Assim é que deverá o recorrente enunciar os concretos pontos de facto que considera incorrectamente julgados (alínea a) do n.º 1), enunciação que é essencial porque delimita o poder de cognição do tribunal ad quem. Com efeito, versando o litígio sobre direitos de natureza disponível, a iniciativa é exclusivo do seu titular.

Deve ainda o recorrente indicar os meios probatórios, constantes do processo ou de registo ou gravação nele realizada, que impunham decisão sobre os pontos da matéria de facto impugnados diversa da recorrida (alínea b) do n.º 1), assim como apresentar o seu projecto de decisão, ou seja, expor, claramente, a decisão que, no seu entender, deve ser proferida sobre as questões de facto impugnadas (alínea c) do n.º 1), atento o princípio da cooperação e porque conferem seriedade ao recurso.

E no que concerne à alínea a) do n.º 2 do mesmo preceito legal julga-se suficiente a transcrição dos depoimentos, ainda que se cinjam aos segmentos pertinentes à alteração da decisão, conforme o entendimento que vem vingando no S.T.J. O aqui relator vem adoptando esta posição desde a entrada em vigor do actual C.P.C., atenta a nova filosofia que introduziu no processo, a qual assenta no primado da substância sobre a forma, pressupondo, por isso, a prolação de decisões materiais em detrimento das decisões formais, o que, por sua vez, tem como pressuposto básico o apuramento da verdade material dos factos. , até por este ónus não revestir a mesma importância daqueles, pela sua reduzida, se não nula, utilidade, não só porque a indicação das passagens do depoimento com referência ao tempo da gravação poderá nem estar correcta (e não há nenhuma sanção contra a incorrecção), como porque a credibilidade de uma testemunha não pode ser avaliada com base em algumas passagens do seu depoimento. Tem que se saber da sua razão de ciência e estar atento à sua postura, revelada pelo tom de voz, e pela forma como responde às perguntas que lhe são feitas por cada um dos inquiridores, o que impõe, as mais das vezes, que se alargue a audição do depoimento a outros temas que não, exclusivamente, àquele que está em reapreciação.
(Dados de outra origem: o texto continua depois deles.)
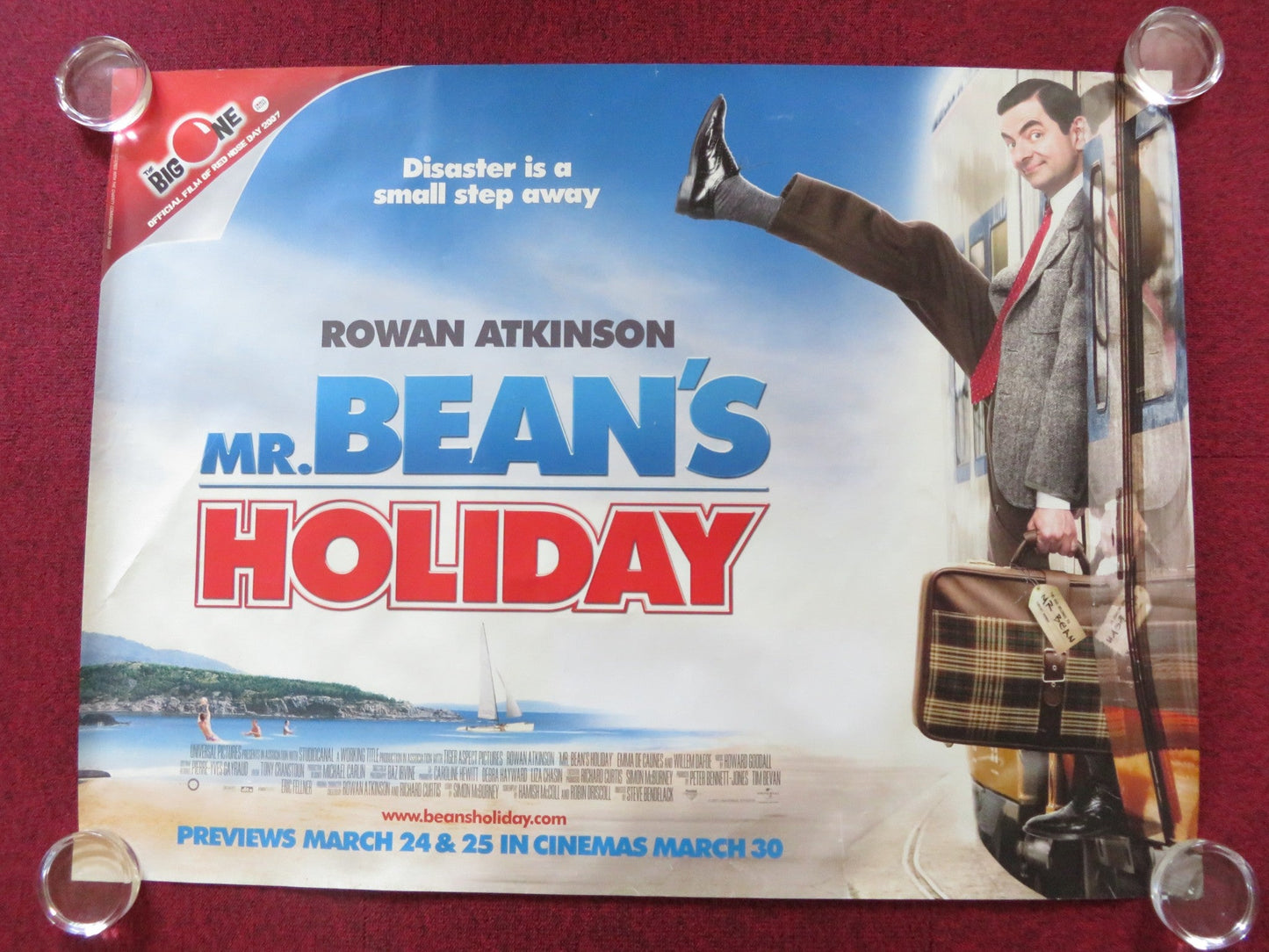 MR BEAN'S HOLIDAY UK QUAD (30"x 40") ROLLED POSTER ROWAN ATKINSON 2007 Rendezvous Cinema Movie posters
Isto considerado, resulta não dever acolher-se a pretensão veiculada pela Autora, de rejeição do recurso quanto à reapreciação da matéria de facto, por “a indicação dos concretos pontos de facto” não ter sido feita com referência aos articulados, e por não terem sido indicados “em concreto os trechos que poderiam permitir decisão diferente”. 

Com efeito, e com o respeito devido, não colhe, de todo, o primeiro fundamento. Sendo já passada a bicéfala “selecção da matéria de facto” que continha os “factos assentes” e a “base instrutória”, a descrição dos factos é agora exclusivo da sentença, à qual devem ser levados os factos julgados provados e os que se julgaram não provados (cfr. n.º 4 do art.º 607.º do C.P.C.). Assim, o resultado do julgamento, com o qual se não concorda, hão-de ser os “concretos pontos de facto” descritos na sentença – tenha-se presente que, quanto aos factos, foram alargados os poderes de cognição do tribunal, nos termos constantes do art.º 5.º, n.º 2 do C.P.C..

Assim, o recurso aos articulados só fará sentido relativamente a factos que, tendo sido alegados, não constarem da sentença, nem como provados, nem como não provados. 


No que se refere ao segundo fundamento invocado, remete-se para a análise que acima se fez ao requisito constante da alínea a) do n.º 2 do art.º 640.º, reafirmando-se que nas alegações oferecidas pelos Apelantes são transcritas as (longas, no recurso do Apelante/Réu) passagens dos depoimentos que, na perspectiva dos Recorrentes, impunham uma decisão diversa.

Têm-se, pois, por cumpridos todos os ónus legalmente impostos, nada obstando, por isso, à reapreciação da decisão de facto."